START RECORD EXCERPTS
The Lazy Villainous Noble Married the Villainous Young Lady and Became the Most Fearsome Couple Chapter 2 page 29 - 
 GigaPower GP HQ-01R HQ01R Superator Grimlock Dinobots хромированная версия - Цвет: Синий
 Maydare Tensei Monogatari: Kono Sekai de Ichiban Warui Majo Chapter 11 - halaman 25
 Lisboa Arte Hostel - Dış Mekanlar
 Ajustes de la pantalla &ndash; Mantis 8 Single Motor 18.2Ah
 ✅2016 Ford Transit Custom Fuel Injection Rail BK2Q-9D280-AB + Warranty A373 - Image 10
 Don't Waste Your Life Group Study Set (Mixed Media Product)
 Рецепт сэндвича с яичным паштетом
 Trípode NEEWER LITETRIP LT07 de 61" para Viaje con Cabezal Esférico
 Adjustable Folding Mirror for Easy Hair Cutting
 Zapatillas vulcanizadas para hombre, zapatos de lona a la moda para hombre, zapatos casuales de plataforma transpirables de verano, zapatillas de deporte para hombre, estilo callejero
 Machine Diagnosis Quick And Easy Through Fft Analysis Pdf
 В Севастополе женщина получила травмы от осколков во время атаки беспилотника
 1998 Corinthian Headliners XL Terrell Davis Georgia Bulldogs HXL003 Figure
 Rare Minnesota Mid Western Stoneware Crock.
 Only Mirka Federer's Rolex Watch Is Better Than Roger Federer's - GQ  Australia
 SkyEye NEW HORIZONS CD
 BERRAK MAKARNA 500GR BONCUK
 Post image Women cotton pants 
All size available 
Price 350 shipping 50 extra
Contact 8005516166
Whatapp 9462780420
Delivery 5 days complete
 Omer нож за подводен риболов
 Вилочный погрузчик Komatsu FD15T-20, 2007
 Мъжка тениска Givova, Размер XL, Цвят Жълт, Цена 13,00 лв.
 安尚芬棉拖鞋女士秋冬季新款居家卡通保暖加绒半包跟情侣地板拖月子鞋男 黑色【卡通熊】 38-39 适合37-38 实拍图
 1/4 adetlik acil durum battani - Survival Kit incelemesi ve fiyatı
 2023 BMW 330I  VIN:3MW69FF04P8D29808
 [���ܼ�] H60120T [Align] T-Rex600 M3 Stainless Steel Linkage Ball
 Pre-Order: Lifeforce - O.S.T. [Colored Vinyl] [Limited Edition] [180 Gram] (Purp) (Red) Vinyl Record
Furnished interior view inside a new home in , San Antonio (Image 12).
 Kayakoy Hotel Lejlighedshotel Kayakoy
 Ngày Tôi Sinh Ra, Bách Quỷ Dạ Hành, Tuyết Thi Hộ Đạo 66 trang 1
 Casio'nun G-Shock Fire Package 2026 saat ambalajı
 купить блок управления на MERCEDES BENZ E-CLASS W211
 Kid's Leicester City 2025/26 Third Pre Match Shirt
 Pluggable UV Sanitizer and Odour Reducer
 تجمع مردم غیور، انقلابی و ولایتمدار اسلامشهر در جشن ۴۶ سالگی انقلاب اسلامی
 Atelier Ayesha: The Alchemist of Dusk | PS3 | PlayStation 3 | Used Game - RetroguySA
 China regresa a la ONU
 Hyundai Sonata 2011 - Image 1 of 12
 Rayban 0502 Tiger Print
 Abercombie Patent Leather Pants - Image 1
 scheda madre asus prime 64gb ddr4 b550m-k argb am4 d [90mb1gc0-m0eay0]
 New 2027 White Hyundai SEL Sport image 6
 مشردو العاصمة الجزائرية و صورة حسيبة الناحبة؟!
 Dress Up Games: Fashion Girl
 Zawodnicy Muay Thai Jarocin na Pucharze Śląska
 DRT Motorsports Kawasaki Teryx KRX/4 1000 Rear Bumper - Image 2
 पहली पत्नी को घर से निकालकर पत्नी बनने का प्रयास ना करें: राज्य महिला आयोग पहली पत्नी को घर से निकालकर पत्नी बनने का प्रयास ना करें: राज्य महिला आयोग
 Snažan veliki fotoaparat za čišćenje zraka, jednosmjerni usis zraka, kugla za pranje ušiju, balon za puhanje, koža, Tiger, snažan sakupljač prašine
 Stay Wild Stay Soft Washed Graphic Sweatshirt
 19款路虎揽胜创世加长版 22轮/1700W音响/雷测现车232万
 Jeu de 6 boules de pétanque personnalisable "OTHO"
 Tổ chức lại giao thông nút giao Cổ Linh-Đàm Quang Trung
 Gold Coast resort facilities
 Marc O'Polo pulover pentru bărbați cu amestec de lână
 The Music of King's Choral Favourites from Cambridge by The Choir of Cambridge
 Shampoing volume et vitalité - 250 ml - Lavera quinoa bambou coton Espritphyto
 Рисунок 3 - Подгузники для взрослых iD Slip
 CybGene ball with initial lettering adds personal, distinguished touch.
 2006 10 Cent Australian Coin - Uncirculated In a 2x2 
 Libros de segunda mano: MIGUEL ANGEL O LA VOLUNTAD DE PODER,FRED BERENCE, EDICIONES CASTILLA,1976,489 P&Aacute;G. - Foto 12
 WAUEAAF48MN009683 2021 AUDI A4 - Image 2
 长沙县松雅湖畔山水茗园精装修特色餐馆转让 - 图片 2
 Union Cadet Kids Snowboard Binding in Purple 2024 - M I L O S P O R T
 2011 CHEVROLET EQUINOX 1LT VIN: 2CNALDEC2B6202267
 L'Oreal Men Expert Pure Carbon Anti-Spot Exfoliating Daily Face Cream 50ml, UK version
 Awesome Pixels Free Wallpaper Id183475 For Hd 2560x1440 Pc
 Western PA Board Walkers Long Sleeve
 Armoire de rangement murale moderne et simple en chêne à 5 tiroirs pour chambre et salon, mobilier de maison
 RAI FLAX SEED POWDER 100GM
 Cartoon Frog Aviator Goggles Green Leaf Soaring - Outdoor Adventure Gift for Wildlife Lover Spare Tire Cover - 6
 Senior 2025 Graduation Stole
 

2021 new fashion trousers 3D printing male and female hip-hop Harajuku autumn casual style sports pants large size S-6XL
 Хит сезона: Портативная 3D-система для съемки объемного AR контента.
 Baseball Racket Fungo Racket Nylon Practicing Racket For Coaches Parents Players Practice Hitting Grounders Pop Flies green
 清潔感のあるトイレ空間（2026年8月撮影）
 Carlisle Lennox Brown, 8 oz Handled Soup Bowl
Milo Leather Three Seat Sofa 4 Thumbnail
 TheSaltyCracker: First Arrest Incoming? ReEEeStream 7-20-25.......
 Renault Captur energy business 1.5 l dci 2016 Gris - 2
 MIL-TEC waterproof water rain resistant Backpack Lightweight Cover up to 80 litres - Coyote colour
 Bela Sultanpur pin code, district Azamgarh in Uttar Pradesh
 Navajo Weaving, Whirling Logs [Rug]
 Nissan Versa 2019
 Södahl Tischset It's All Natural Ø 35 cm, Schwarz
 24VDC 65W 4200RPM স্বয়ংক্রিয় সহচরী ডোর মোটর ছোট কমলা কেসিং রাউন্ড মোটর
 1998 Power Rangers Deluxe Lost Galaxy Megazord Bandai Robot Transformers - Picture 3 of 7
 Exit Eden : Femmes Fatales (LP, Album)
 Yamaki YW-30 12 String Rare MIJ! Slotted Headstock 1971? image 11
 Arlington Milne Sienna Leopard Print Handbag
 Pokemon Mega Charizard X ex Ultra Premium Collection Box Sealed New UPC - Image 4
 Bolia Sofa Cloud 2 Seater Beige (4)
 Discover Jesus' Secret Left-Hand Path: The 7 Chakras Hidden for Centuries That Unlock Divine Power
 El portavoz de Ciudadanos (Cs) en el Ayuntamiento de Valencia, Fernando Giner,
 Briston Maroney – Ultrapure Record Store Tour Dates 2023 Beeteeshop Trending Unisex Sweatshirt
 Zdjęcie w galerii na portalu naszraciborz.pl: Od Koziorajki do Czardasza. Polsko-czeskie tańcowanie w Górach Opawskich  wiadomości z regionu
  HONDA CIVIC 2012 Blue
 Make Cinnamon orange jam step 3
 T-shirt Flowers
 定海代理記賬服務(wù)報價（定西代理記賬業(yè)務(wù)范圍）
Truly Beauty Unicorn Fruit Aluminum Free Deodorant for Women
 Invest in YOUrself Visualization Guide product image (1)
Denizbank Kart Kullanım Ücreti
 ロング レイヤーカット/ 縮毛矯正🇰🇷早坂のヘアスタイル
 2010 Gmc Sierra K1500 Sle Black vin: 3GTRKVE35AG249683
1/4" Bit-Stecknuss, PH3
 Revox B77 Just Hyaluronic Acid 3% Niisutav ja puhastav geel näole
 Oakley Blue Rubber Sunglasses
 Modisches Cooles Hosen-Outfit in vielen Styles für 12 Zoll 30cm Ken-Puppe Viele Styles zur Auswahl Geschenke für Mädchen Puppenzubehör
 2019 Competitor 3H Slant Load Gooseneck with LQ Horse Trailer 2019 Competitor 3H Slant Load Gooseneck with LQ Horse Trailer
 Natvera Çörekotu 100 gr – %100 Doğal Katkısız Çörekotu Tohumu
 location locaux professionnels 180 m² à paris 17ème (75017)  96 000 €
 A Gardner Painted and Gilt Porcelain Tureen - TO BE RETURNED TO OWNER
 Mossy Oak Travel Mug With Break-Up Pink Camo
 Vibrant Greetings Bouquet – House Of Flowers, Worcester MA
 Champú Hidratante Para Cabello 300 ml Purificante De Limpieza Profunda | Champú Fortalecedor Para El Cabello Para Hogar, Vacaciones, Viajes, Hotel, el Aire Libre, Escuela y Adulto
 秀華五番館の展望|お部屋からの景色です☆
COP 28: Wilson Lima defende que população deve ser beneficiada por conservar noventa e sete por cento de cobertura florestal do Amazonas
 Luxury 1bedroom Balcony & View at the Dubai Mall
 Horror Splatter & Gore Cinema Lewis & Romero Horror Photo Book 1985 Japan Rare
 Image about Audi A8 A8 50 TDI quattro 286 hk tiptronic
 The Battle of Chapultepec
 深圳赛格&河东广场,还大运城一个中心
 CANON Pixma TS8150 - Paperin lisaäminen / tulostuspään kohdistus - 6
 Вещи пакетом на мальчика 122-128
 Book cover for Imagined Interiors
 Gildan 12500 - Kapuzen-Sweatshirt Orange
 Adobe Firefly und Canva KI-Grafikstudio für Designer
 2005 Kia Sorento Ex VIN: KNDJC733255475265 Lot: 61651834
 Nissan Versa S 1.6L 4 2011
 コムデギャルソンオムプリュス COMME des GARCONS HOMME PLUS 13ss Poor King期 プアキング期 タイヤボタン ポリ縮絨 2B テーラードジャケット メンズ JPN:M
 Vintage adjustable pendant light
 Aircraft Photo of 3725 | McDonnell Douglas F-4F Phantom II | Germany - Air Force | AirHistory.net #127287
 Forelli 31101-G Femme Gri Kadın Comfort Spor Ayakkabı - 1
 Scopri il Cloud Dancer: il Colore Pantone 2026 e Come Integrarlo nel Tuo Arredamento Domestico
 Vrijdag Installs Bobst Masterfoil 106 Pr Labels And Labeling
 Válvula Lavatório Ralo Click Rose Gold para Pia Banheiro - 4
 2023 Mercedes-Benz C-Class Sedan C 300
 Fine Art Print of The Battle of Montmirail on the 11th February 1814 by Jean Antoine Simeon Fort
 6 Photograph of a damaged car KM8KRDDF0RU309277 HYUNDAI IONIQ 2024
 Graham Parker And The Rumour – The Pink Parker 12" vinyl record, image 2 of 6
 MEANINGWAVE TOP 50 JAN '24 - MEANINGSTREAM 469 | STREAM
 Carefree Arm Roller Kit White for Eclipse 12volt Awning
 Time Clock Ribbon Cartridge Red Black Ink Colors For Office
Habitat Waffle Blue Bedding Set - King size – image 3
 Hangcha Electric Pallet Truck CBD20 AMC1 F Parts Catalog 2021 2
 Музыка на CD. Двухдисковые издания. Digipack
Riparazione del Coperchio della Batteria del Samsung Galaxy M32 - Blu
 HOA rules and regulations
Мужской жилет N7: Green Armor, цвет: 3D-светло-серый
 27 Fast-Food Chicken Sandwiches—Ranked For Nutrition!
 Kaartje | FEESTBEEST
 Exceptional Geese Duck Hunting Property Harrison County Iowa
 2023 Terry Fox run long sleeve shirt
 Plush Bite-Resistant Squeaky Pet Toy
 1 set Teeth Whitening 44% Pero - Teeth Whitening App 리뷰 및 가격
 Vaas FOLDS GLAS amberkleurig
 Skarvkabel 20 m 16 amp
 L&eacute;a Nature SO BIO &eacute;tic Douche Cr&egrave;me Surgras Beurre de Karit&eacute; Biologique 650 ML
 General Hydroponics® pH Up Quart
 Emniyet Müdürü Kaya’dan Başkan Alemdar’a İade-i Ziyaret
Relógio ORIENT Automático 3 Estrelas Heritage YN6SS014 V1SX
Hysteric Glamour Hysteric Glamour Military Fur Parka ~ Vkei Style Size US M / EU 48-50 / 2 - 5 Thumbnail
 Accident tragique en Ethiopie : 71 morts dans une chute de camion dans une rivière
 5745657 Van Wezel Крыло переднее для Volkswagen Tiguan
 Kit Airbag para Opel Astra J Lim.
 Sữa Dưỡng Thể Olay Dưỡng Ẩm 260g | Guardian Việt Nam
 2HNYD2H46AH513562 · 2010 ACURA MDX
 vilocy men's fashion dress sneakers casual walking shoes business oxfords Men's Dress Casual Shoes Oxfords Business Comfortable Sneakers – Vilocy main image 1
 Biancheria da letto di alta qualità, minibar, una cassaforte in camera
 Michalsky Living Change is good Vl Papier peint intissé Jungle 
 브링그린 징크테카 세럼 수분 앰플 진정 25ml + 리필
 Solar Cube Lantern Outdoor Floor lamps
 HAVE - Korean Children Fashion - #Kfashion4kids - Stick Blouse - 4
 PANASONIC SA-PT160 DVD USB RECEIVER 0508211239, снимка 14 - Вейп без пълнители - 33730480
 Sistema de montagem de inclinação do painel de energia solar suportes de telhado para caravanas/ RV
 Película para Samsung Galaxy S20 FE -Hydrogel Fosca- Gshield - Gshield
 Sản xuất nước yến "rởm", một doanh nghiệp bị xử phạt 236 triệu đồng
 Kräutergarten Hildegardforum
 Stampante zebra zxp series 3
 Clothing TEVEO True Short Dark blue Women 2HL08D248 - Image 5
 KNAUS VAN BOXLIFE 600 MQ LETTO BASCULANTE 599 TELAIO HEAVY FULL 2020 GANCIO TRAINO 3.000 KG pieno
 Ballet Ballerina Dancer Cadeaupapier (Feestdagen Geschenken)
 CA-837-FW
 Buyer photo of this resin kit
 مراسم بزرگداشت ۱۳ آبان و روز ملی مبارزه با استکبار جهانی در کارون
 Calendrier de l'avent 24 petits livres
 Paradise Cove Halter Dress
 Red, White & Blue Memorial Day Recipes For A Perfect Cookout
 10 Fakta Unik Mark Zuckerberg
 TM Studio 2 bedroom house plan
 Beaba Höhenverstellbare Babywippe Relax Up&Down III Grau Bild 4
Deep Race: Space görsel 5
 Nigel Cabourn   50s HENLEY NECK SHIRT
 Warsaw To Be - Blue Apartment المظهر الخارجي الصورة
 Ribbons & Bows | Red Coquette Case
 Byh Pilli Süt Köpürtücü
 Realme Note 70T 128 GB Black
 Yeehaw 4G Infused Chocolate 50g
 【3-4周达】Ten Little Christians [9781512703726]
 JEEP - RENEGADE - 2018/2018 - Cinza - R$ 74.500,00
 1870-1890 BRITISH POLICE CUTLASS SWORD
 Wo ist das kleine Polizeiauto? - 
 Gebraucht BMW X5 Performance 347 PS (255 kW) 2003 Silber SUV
END RECORD EXCERPTS
- _TASK INSTRUCTIONS_:
Reproduce, with no other lines, the run of lines that begins with the one containing "Little Christians [9781512703726]" and ends with the last line of the material.

- _SOLUTION FOR THIS EXERCISE_:
 【3-4周达】Ten Little Christians [9781512703726]
 JEEP - RENEGADE - 2018/2018 - Cinza - R$ 74.500,00
 1870-1890 BRITISH POLICE CUTLASS SWORD
 Wo ist das kleine Polizeiauto? - 
 Gebraucht BMW X5 Performance 347 PS (255 kW) 2003 Silber SUV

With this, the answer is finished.